▶ What is expected: Nothing but the lines from the one with "Hi everyone. In" through the end of the material should be retyped, word for word and without pictures.

▶ Supplied information:
------
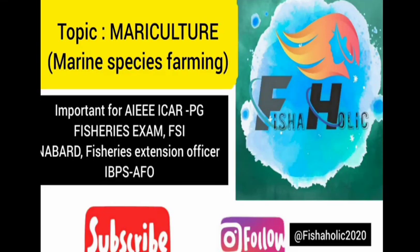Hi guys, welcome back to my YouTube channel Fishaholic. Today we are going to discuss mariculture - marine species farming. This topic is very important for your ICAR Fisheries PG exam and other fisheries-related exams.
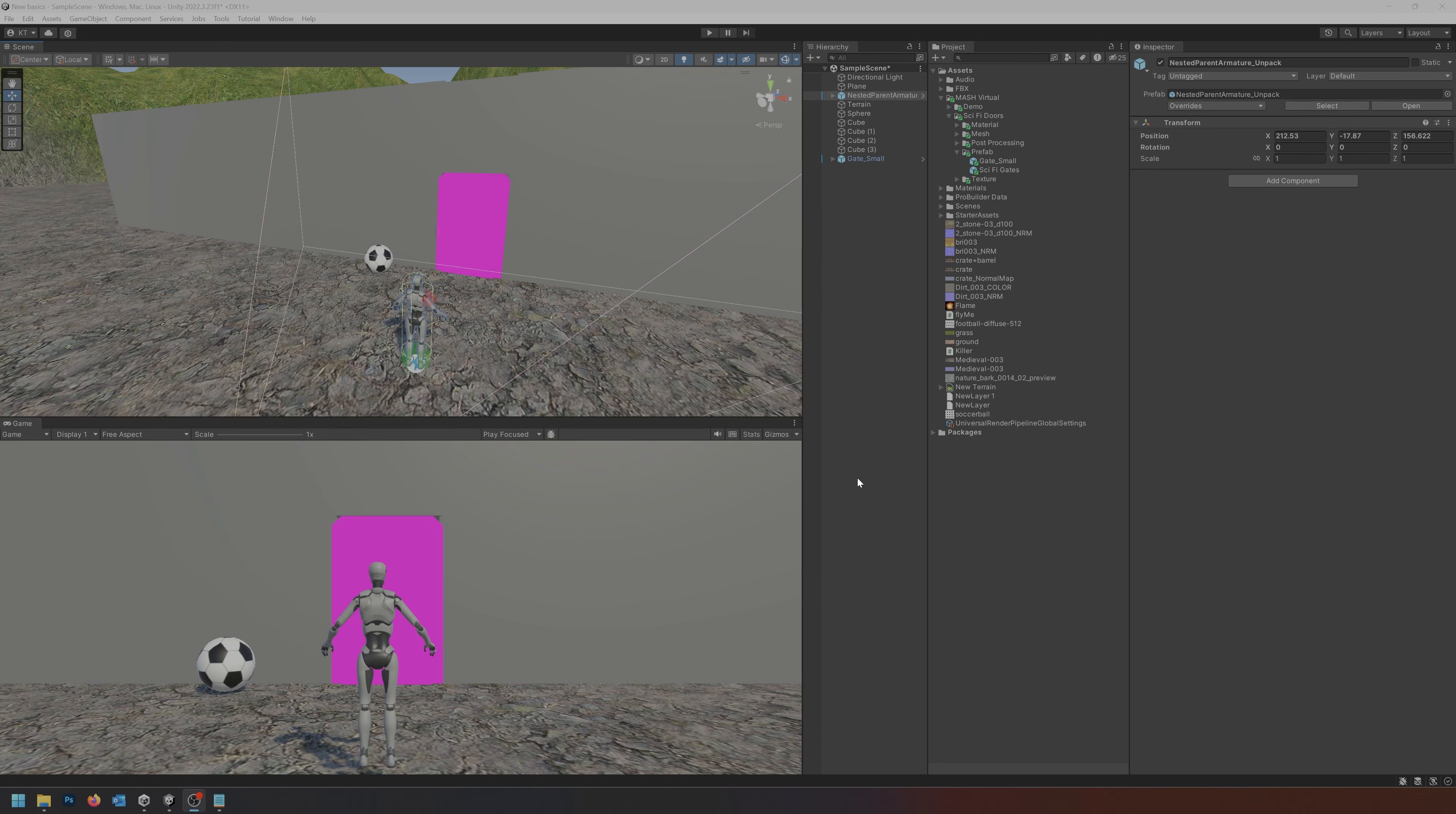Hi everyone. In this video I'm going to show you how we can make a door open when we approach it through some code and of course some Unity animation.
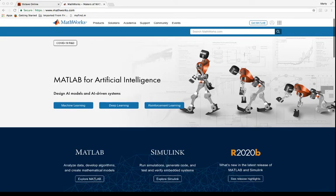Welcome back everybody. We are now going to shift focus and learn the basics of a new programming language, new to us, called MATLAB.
------
▶ Answer to this task:
Hi everyone. In this video I'm going to show you how we can make a door open when we approach it through some code and of course some Unity animation.
Welcome back everybody. We are now going to shift focus and learn the basics of a new programming language, new to us, called MATLAB.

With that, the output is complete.